Lebih lanjut ia mengatakan bahwa biasanya para penerjemah sudah mendapat naskah Khotbah sehari sebelum hari Jumat yakni hari Kamis, ia pun lantas membuat naskah versi terjemahannya ketika mendapatkan naskah tersebut. “Kadang-kadang saat khotbah ada improvisasi dari khotib. Jadi yang disampaikan tidak ada di naskah,” ujar mahasiswa yang sudah 7 tahun tinggal di  Madinah itu.

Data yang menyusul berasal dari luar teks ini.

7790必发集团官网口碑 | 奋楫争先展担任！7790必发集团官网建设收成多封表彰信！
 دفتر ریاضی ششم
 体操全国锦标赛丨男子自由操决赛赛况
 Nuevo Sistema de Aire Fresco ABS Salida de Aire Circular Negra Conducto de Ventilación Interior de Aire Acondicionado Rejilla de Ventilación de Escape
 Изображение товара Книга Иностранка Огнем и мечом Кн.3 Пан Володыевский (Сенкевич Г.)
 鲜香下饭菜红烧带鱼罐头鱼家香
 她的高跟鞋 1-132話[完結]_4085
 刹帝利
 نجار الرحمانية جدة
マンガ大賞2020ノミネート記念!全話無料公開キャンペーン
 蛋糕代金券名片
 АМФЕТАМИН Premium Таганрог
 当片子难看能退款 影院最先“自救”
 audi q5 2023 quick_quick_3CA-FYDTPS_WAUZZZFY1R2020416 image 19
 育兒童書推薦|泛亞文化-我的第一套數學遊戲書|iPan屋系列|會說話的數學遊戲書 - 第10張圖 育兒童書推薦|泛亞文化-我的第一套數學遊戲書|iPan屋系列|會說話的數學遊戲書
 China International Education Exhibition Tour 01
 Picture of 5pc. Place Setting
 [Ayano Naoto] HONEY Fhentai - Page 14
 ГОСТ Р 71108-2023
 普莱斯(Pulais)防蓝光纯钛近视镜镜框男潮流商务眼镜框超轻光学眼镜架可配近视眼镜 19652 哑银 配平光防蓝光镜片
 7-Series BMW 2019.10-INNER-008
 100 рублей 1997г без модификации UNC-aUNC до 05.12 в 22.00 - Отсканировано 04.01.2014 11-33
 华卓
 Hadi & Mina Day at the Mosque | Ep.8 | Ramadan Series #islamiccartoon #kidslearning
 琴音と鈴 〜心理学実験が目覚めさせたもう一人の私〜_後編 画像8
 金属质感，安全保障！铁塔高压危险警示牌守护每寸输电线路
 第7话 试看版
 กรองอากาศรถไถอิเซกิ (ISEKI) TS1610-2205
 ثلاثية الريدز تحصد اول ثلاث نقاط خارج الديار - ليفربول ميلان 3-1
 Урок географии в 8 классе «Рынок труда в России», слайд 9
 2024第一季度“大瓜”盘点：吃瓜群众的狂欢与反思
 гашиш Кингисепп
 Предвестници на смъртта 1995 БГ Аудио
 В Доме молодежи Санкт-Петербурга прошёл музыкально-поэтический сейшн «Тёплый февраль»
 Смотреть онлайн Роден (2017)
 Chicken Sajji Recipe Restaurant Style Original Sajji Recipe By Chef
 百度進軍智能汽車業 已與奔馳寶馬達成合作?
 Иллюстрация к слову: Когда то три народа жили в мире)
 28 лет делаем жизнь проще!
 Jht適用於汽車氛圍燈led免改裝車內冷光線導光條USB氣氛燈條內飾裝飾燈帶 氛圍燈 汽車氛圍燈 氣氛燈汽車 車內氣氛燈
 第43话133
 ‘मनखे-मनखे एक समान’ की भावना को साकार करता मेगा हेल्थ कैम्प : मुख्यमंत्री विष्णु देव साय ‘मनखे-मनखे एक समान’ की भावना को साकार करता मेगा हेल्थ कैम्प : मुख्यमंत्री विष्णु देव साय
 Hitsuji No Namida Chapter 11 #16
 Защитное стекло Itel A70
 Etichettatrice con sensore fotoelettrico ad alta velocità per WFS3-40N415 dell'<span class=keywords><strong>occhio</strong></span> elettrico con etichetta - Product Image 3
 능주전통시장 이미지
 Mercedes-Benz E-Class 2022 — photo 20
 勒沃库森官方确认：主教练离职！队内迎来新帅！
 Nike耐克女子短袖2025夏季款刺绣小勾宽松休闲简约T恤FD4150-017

Ketika khotib berkhotbah, Dzakwan memakai headset untuk mendengarkan khotbah. Di depannya terdapat mikrofon dan laptop, yang dipakai untuk mencari ayat yang kadang-kadang tidak ada dalam teks tapi dibaca oleh khotib. “Bisa jadi ada improvisasi, khotib mengutip ayat yang tidak ada dalam naskah khotbah. Saya harus segera searching agar tidak salah dalam menerjemahkan ayat,” kata bapak satu anak itu.

Baca juga: Kunjungan Ke Raudhah Dibatasi 10 Menit. Ini Yang Harus Diperhatikan!

Selain itu, tugas Dzakwan juga menerjemahkan khotbah salat Idulfitri, Iduladha, dan pernah juga khotbah salat istiqa (minta hujan). “Kami juga menerjemahkan booklet dan pengumuman-pengumuman di Masjid Nabawi,” ujarnya.

Di dalam masjid juga ada layar informasi yang berbahasa Indonesia. Itu juga salah satu hasil kerja Dzakwan dan kawan-kawan. Ia pun terdaftar sebagai karyawan Direktorat Umum Urusan  Masjidilharam dan  Masjid Nabawi Nabawi, di bawah badan independen di bawah Kerajaan Arab Saudi yang bertugas mengurus  Masjidilharam dan  Masjid Nabawi.

Dzakwan dan tiga rekannya digaji setiap bulan. “Lumayan lah,” kata Dzakwan saat ditanya nominal gajinya. Yang jelas, lebih besar daripada uang sakunya sebagai mahasiswa UIM.